Which breed of dog does NEADS train most often?
Many of the Hearing Dogs NEADS trains are rescued from animal shelters throughout New England. There isn’t one particular breed that makes a better Hearing Dog, so NEADS often selects mixed breeds from shelters. They tend to be under 50 lbs. and have high energy. Our trainers select Hearing Dogs based on the dog's innate initiative and receptiveness to sound.
Most of the Service Dogs that NEADS trains are purchased from breeders; some are donated to us. Much of the work of a Service Dog involves retrieving or a retrieving-related skill, so we most often work with Labrador Retrievers. Occasionally, we work with Golden Retrievers. In contrast to Hearing Dogs, successful Service Dogs wait until they receive a command before they perform a skill. Service Dogs are laid back and eager to please. More information about our dogs
Are male or female dogs better to train for Assistance Dog work?
NEADS trains both male and female dogs of all shapes and sizes. All NEADS dogs are spayed or neutered.
At what age can a dog start learning to be an Assistance Dog?
Puppy training begins at 8 weeks.

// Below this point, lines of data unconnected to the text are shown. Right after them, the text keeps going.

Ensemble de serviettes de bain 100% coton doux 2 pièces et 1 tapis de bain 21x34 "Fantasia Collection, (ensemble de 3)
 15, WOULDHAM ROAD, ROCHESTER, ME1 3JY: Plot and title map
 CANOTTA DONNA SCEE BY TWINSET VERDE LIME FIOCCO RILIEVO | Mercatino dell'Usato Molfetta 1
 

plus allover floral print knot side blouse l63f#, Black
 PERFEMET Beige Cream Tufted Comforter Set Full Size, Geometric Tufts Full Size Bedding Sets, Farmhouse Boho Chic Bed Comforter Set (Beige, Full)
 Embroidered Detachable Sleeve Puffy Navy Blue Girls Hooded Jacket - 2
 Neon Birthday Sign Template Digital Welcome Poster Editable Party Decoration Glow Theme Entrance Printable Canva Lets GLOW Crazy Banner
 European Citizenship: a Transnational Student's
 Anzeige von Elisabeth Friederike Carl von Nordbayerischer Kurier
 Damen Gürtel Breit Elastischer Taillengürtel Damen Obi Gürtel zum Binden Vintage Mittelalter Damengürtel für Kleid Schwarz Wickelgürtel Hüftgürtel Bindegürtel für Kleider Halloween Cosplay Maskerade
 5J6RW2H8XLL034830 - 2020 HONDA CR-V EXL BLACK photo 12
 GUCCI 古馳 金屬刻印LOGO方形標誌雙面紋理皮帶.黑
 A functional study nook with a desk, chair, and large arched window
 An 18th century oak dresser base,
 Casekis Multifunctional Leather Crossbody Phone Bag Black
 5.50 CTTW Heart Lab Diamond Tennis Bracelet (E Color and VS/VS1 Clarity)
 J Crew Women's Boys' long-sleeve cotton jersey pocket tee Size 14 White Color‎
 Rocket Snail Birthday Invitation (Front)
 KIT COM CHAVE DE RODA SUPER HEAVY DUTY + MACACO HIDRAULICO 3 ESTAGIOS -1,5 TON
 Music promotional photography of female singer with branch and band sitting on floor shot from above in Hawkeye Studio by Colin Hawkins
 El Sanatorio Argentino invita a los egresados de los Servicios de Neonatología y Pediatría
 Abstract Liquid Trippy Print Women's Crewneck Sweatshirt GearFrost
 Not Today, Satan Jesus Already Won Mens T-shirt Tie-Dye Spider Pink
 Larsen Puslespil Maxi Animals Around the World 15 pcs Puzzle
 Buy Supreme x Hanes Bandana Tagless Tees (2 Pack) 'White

The early experiences and basic commands the puppy learns are the building blocks to raising a socially-confident, skilled, obedient Assistance Dog who thrives on helping. More information about our puppy Early Learning Center
NEADS dogs wear something around their nose. What is that?
Though often mistaken for a muzzle, the strap around the Assistance Dog is actually called a Gentle Leader, and is not a muzzle. It is a type of collar that makes it easier to walk a dog, particularly for those who have limited or no strength in their arms or hands. The dog can still chew and bark with the collar on. More information about our training methods
How much does it cost to train an Assistance Dog?
It costs NEADS more than $25,000 to acquire, raise, train and match an Assistance Dog. We ask clients to help us fundraise a portion of that cost to offset the expenses. More information about fundraising for an Assistance Dog
How does somebody get an Assistance Dog from NEADS?
People find out about NEADS through the internet, referrals from independent living centers and other programs, and by meeting graduates, puppy raisers and volunteers. To apply for an Assistance Dog, an applicant fills out an application, and schedules a personal interview at the NEADS Princeton, Massachusetts campus (or with a nearby NEADS representative, or via video). If accepted, the individual goes on a waiting list until our staff identifies the right dog for their needs.
How long does it take for someone to get an Assistance Dog?
NEADS dogs are trained to meet the needs of the individual the dog is matched with. We must identify which dog has the skills and temperament for each applicant -- this process ensures a successful and lasting partnership. Therefore, the wait time varies depending on whether we have a dog that meets the needs of the applicant. The best way to find out how long an applicant will wait for a dog is to contact our staff.
What happens to dogs that don’t complete the training?
Assistance Dog work is not right for every dog. Dogs that don’t complete the training (they may have a minor medical issue, be too shy in public, or chase squirrels, for example) make great pets. We affectionately call these dogs "Furloughed Favorites."
What is facility-based training?
NEADS was one of the pioneers in developing this intensive training method. People who receive a NEADS Assistance Dog live on our campus for 10-14 days for extensive training with their new canine partner. Our clients are able to immerse themselves in the process of bonding and training with the dog.
Do Hearing and Service dogs have the same public access rights as guide dogs for people who are blind?
Yes. The Americans with Disabilities Act (ADA) recognizes Hearing and Service Dogs as vital tools for the hearing impaired and those with a physical disability. People with Hearing and Service Dogs are granted full access to all places of public accommodation. (Because of the separation of church and state, churches are not required to permit Assistance Dogs. However, many churches will allow access if asked.)
Is it ok to pet an Assistance Dog when he or she is working?
Assistance Dogs perform an important function for their handler -- any kind of distraction could be dangerous for the person. That's why you should always ask before you pet or distract an Assistance Dog. Most working dogs will wear a harness, cape or backpack in public to identify them as such. Many owners place a patch on the dog’s equipment that reads, “Please don’t pet me, I’m working.”
What happens when an Assistance Dog can no longer work?
Usually, the dog is retired as a service animal and becomes a pet for the person with whom the dog was matched. The client may also choose to get another Assistance Dog.